Western civilisation has grown up under the influence of Greek ideas and also that of Chinese teachings, which insist on a single God who is creator and sustainer of the universe. The Bible states that God created the universe but does not contain detailed scientific information about the process of the creation of the universe. Galileo used to be fond of saying that the Bible teaches the way to get to Heaven, not the way Heavens go. The Church, which was the dominant force in the land in those days, allowed no speculation into such divine matters. The misfortune of Copernicus, as a result of his statement that it was the sun and not the earth to be the centre of the spherical universe, is well known.

Even after the beginning of the modern scientific period, when Newton had worked out the motions of planets in great detail and also came up with the idea of universal gravitation, people still considered the creation of the universe to be a divine act that lies beyond speculation.

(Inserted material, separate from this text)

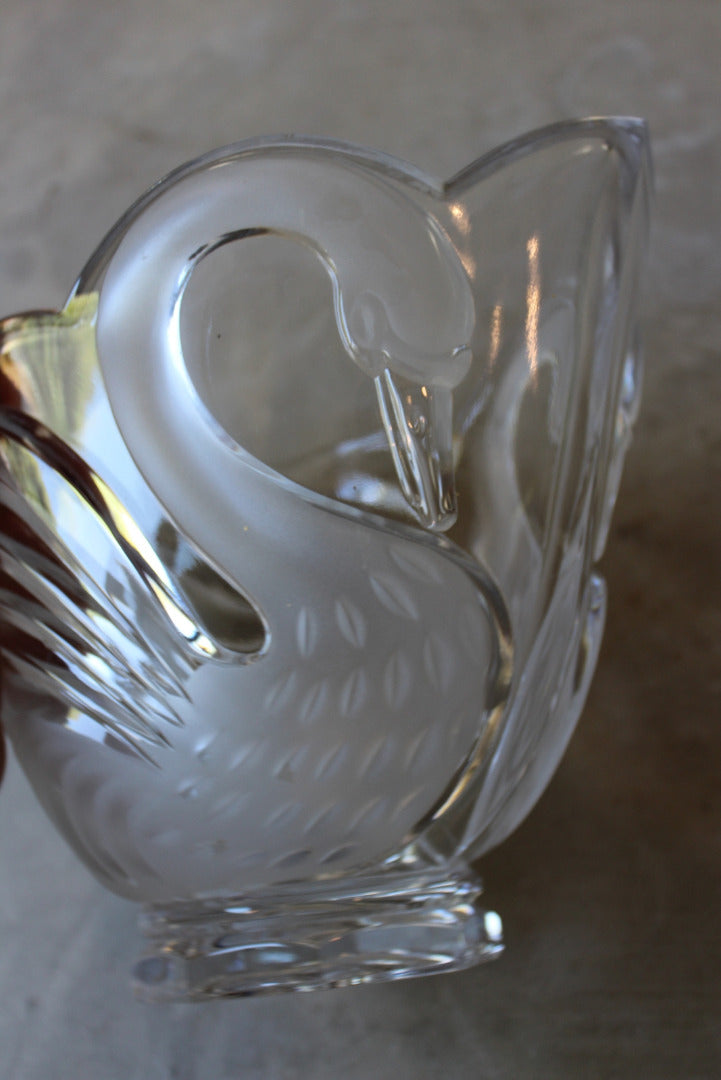 Bleikristall German Swan Bowl - Kernow Furniture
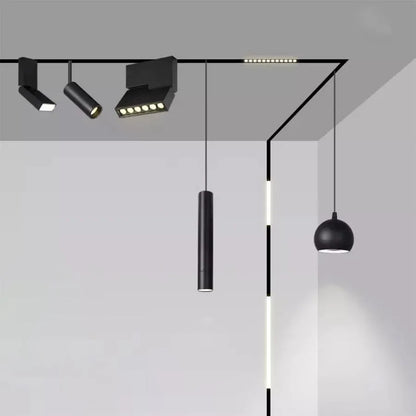 Mágneses LED inga, 7W, semleges fény, fekete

With the vast amount of information that was collected in the last century through the observation of deep space, as well as the development of the Relativity theory and Quantum Mechanics, scientists are at last in a position to work out how the universe began.

Today, speculation and scientific research into cosmology lies outside the realm of religion, to the extent that some scientists today do not consider the creation of the universe to be a divine act at all. However, the same scientists are well aware that when they trace the age of the universe to its origin, or to that moment that sparked the beginning, they too concede that science becomes unable to explain the events of that initial moment, for at that initial moment all the laws of physics seem to break down.

The failure of some scientists to contribute this initial moment of creation to a divine creator stems from the fact that they regard this initial moment as the moment when all the laws of physics break down, rather than being the moment when all the laws of physics came to be, or in other words, when all the laws of physics were set. The question which they do not seem to tackle is: by whom?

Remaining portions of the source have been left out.